Daily spot prices by region are available on the EIA website.
International futures prices: International natural gas futures prices decreased this report week. According to Bloomberg Finance, L.P., weekly average front-month futures prices for liquefied natural gas (LNG) cargoes in East Asia decreased 7 cents to a weekly average of $13.26/MMBtu. Natural gas futures for delivery at the Title Transfer Facility (TTF) in the Netherlands decreased 46 cents to a weekly average of $10.75/MMBtu.
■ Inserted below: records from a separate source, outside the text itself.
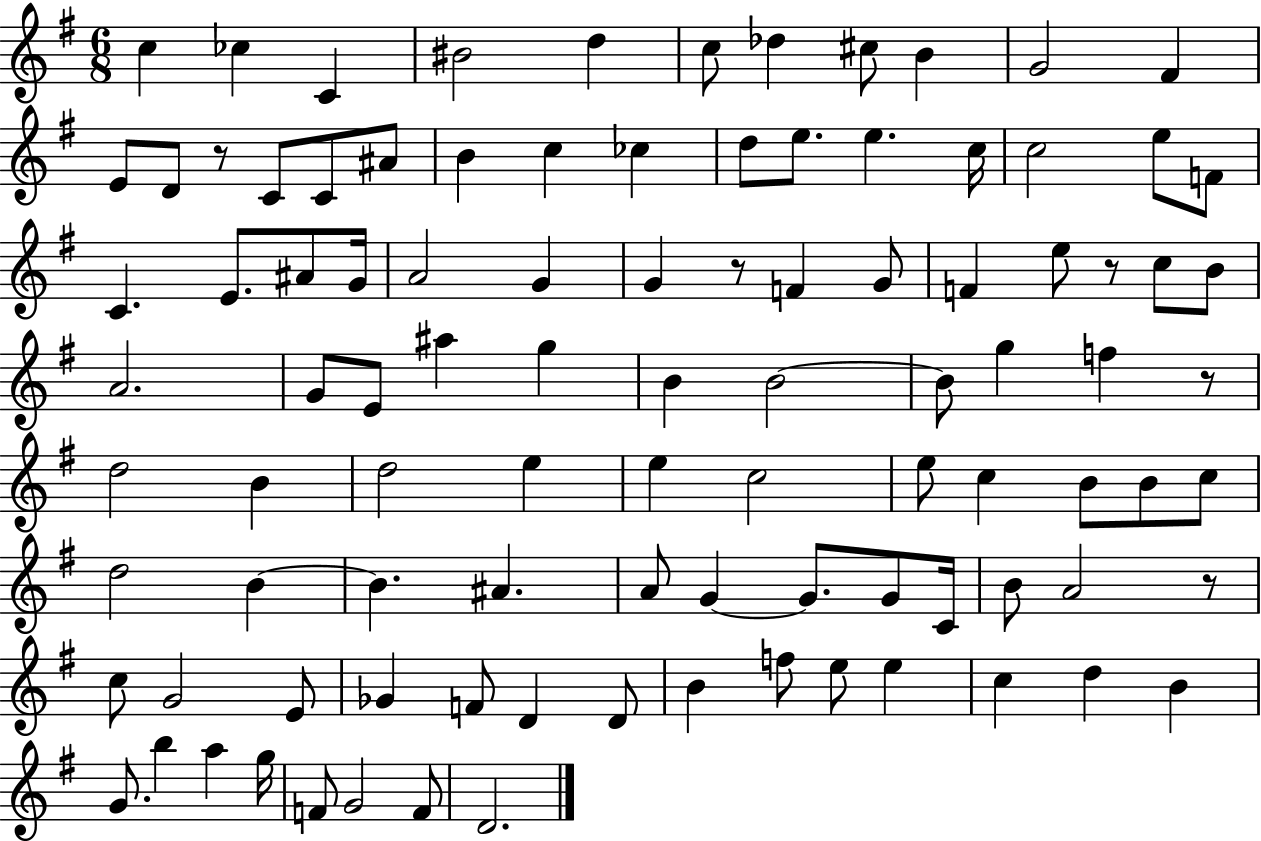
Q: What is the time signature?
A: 6/8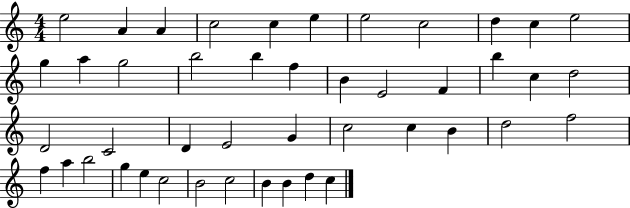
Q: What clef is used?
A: treble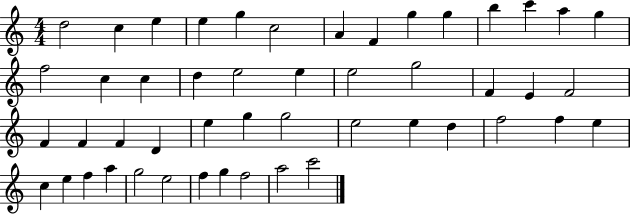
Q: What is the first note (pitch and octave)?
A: D5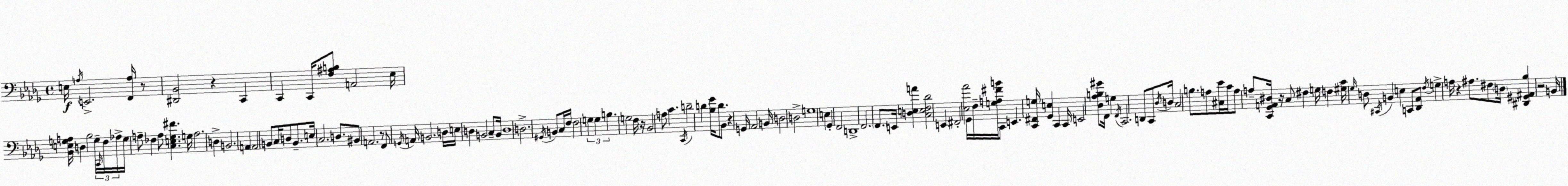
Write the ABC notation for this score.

X:1
T:Untitled
M:4/4
L:1/4
K:Bbm
E,/4 A,/4 E,,2 [F,,A,]/4 z/2 [^D,,_B,,]2 z C,, C,, C,,/4 [F,^A,B,]/2 A,,2 _E,/4 [_B,,E,G,A,]/4 D, _B,2 G,/4 C,,/4 F,/4 _A,/4 G,/4 A,/2 _F, A,/2 [C,E,_G,^F] G,/4 A,2 D, B,,2 A,, A,,2 B,,/2 C,/4 D,/2 B,,/2 E,/4 C,2 D,/2 ^B,,/2 A,,2 z/2 F,,/2 G,,/4 A,,/4 B,,2 D,/4 E,/4 D, B,,2 C,/2 B,,/4 D,4 D,2 ^G,,/4 B,,/2 C,/4 F,/4 F,2 G, G, B, G,2 F,/4 z/4 _B,,2 A,/2 C C,,/4 D2 D [_B,_G]/4 D/2 _B,,/2 z G,,/4 _A,,2 B,,/4 D,2 D,2 G,4 E, _G,, F,,2 D,,4 F,,2 F,,/2 E,,/4 [D,E,A] [C,E,F,_D]2 E,, ^F,,2 [_E,_A]2 _G,,/4 F,/4 [G,A,^FB]/4 C,,/2 E,, [C,,^F,,G,]/4 [_G,,E,] C,, C,,/4 E,,2 [_D,_A,B,^G]/2 F,,/4 G, F,,/4 C,,2 D,,/2 C,,/2 _D,/4 D,/4 C,2 B,/2 A,/2 [^C,_E]/4 C/4 A,/2 A,/2 [C,,_G,,A,,^D,]/4 z/4 C,/2 ^F, G,/4 F, [^G,C]/4 _G,/4 D,/2 ^C,,/4 B,, E, C,,/2 [_D,,_A,,]/2 F,/4 G, A,/4 z ^A,/2 ^F,/2 D,/4 [^D,,^G,,^A,,_B,] z2 B,,/4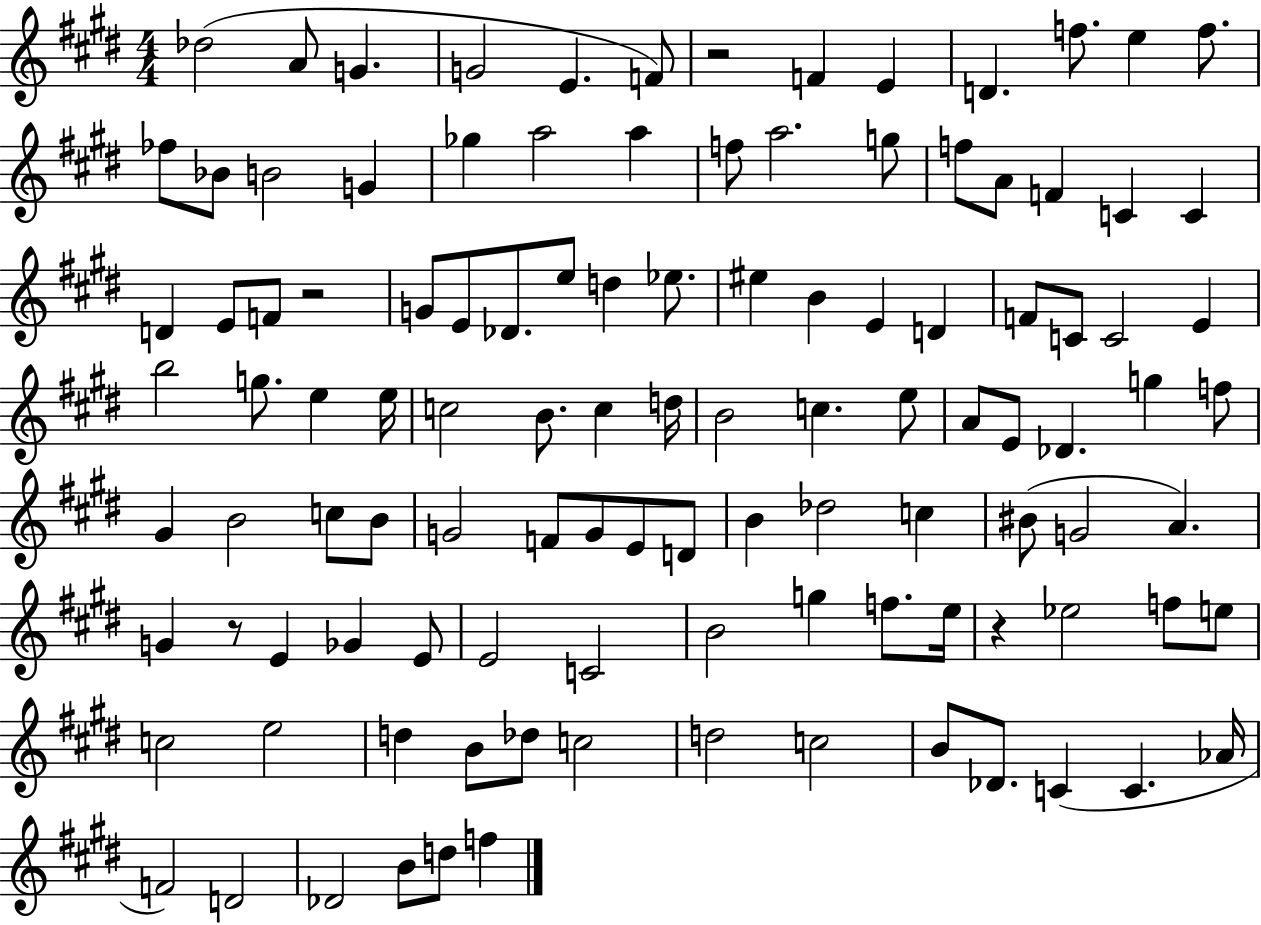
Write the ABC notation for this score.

X:1
T:Untitled
M:4/4
L:1/4
K:E
_d2 A/2 G G2 E F/2 z2 F E D f/2 e f/2 _f/2 _B/2 B2 G _g a2 a f/2 a2 g/2 f/2 A/2 F C C D E/2 F/2 z2 G/2 E/2 _D/2 e/2 d _e/2 ^e B E D F/2 C/2 C2 E b2 g/2 e e/4 c2 B/2 c d/4 B2 c e/2 A/2 E/2 _D g f/2 ^G B2 c/2 B/2 G2 F/2 G/2 E/2 D/2 B _d2 c ^B/2 G2 A G z/2 E _G E/2 E2 C2 B2 g f/2 e/4 z _e2 f/2 e/2 c2 e2 d B/2 _d/2 c2 d2 c2 B/2 _D/2 C C _A/4 F2 D2 _D2 B/2 d/2 f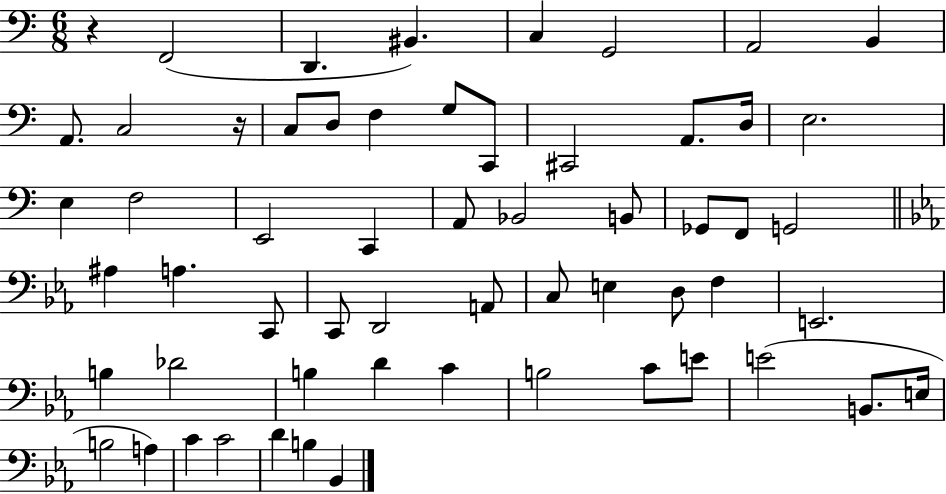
{
  \clef bass
  \numericTimeSignature
  \time 6/8
  \key c \major
  r4 f,2( | d,4. bis,4.) | c4 g,2 | a,2 b,4 | \break a,8. c2 r16 | c8 d8 f4 g8 c,8 | cis,2 a,8. d16 | e2. | \break e4 f2 | e,2 c,4 | a,8 bes,2 b,8 | ges,8 f,8 g,2 | \break \bar "||" \break \key ees \major ais4 a4. c,8 | c,8 d,2 a,8 | c8 e4 d8 f4 | e,2. | \break b4 des'2 | b4 d'4 c'4 | b2 c'8 e'8 | e'2( b,8. e16 | \break b2 a4) | c'4 c'2 | d'4 b4 bes,4 | \bar "|."
}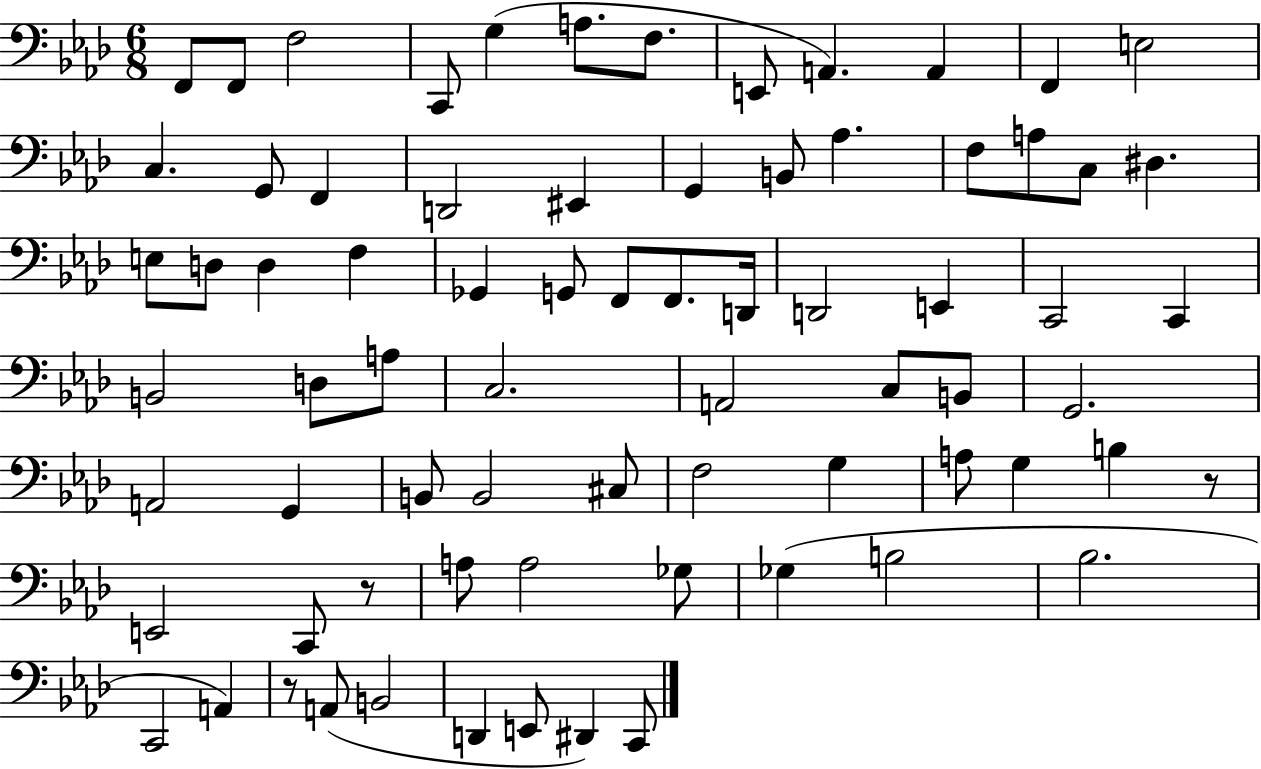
{
  \clef bass
  \numericTimeSignature
  \time 6/8
  \key aes \major
  f,8 f,8 f2 | c,8 g4( a8. f8. | e,8 a,4.) a,4 | f,4 e2 | \break c4. g,8 f,4 | d,2 eis,4 | g,4 b,8 aes4. | f8 a8 c8 dis4. | \break e8 d8 d4 f4 | ges,4 g,8 f,8 f,8. d,16 | d,2 e,4 | c,2 c,4 | \break b,2 d8 a8 | c2. | a,2 c8 b,8 | g,2. | \break a,2 g,4 | b,8 b,2 cis8 | f2 g4 | a8 g4 b4 r8 | \break e,2 c,8 r8 | a8 a2 ges8 | ges4( b2 | bes2. | \break c,2 a,4) | r8 a,8( b,2 | d,4 e,8 dis,4) c,8 | \bar "|."
}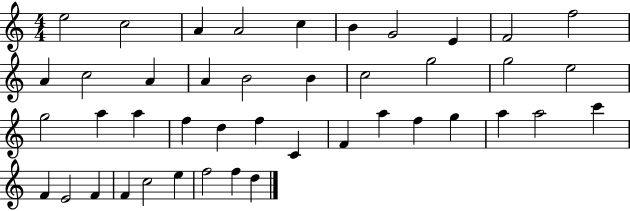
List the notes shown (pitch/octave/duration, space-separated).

E5/h C5/h A4/q A4/h C5/q B4/q G4/h E4/q F4/h F5/h A4/q C5/h A4/q A4/q B4/h B4/q C5/h G5/h G5/h E5/h G5/h A5/q A5/q F5/q D5/q F5/q C4/q F4/q A5/q F5/q G5/q A5/q A5/h C6/q F4/q E4/h F4/q F4/q C5/h E5/q F5/h F5/q D5/q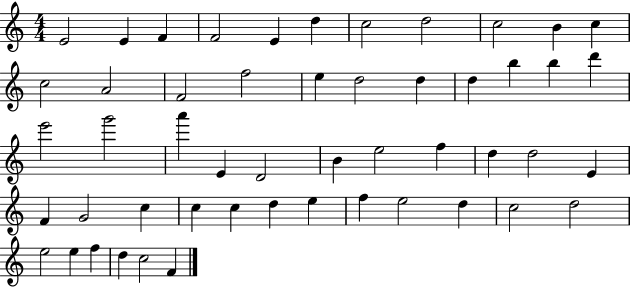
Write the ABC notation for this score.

X:1
T:Untitled
M:4/4
L:1/4
K:C
E2 E F F2 E d c2 d2 c2 B c c2 A2 F2 f2 e d2 d d b b d' e'2 g'2 a' E D2 B e2 f d d2 E F G2 c c c d e f e2 d c2 d2 e2 e f d c2 F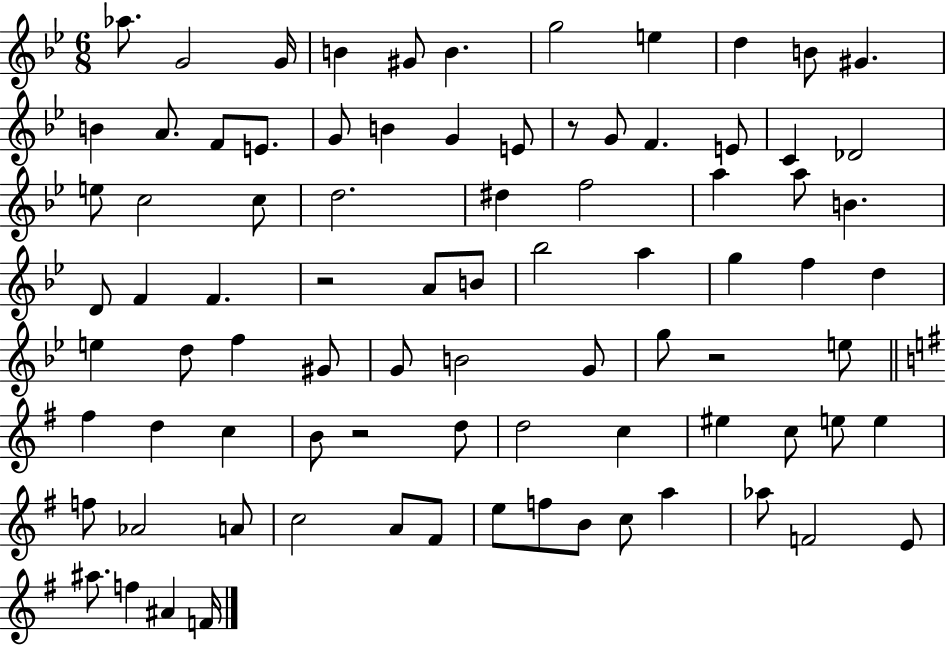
{
  \clef treble
  \numericTimeSignature
  \time 6/8
  \key bes \major
  \repeat volta 2 { aes''8. g'2 g'16 | b'4 gis'8 b'4. | g''2 e''4 | d''4 b'8 gis'4. | \break b'4 a'8. f'8 e'8. | g'8 b'4 g'4 e'8 | r8 g'8 f'4. e'8 | c'4 des'2 | \break e''8 c''2 c''8 | d''2. | dis''4 f''2 | a''4 a''8 b'4. | \break d'8 f'4 f'4. | r2 a'8 b'8 | bes''2 a''4 | g''4 f''4 d''4 | \break e''4 d''8 f''4 gis'8 | g'8 b'2 g'8 | g''8 r2 e''8 | \bar "||" \break \key g \major fis''4 d''4 c''4 | b'8 r2 d''8 | d''2 c''4 | eis''4 c''8 e''8 e''4 | \break f''8 aes'2 a'8 | c''2 a'8 fis'8 | e''8 f''8 b'8 c''8 a''4 | aes''8 f'2 e'8 | \break ais''8. f''4 ais'4 f'16 | } \bar "|."
}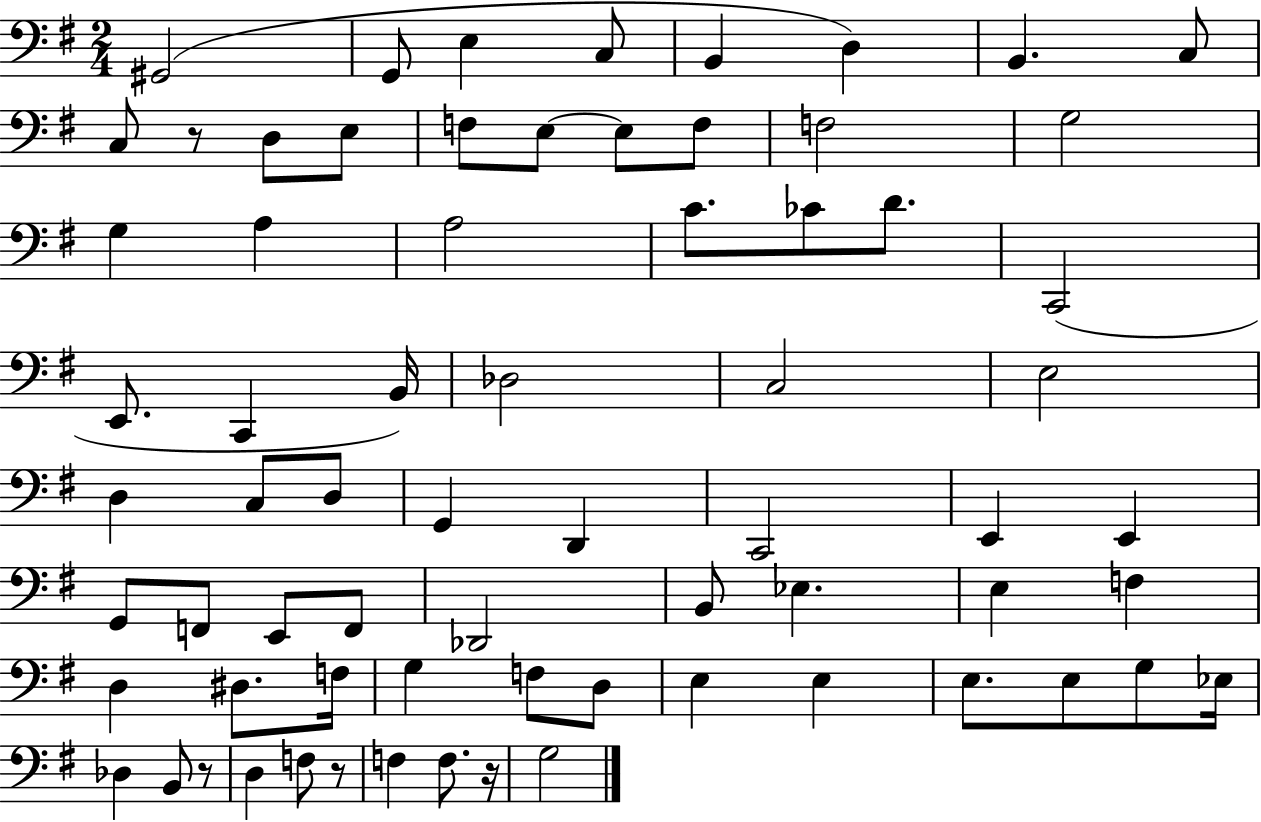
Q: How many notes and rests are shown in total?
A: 70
In the same week last year (week ending September 7, 2022), the prices were $56.07/MMBtu in East Asia and $66.49/MMBtu at TTF. Natural gas plant liquids (NGPL) prices: The natural gas plant liquids composite price at Mont Belvieu, Texas, rose by 35 cents/MMBtu, averaging $7.51/MMBtu for the week ending September 6. Weekly average ethane prices rose 3%, following natural gas prices at the Houston Ship Channel, which rose 2% week over week, widening the ethane premium to natural gas by 4%. Ethylene spot prices rose 6%, widening the ethylene premium to ethane by 10%. The average weekly Brent crude oil price rose 5%, resulting in increased prices of other natural gas liquids. The propane price rose 7%, widening the propane discount relative to crude oil by 4%. The normal butane price rose 5%, the isobutane price rose 1%, and the natural gasoline price rose 6%.
Supply and Demand
Supply: According to data from SPGCI, the average total supply of natural gas fell by 0.5% (0.6 Bcf/d) compared with the previous report week. Dry natural gas production decreased by 0.4% (0.4 Bcf/d) to average 102.2 Bcf/d, and average net imports from Canada decreased by 3.5% (0.2 Bcf/d) from last week. Demand: Total U.S. consumption of natural gas fell by 3.9% (2.9 Bcf/d) compared with the previous report week, according to data from SPGCI. Most of the decrease was due to a 7.1% (3.2 Bcf/d) week-over-week reduction in natural gas use for power generation. Industrial sector consumption increased by 0.3% (0.1 Bcf/d) and residential and commercial sector consumption increased by 2.5% (0.2 Bcf/d). Natural gas exports to Mexico were essentially unchanged this week. Natural gas deliveries to U.S. LNG export facilities (LNG pipeline receipts) averaged 13.0 Bcf/d, or 0.9 Bcf/d higher than last week.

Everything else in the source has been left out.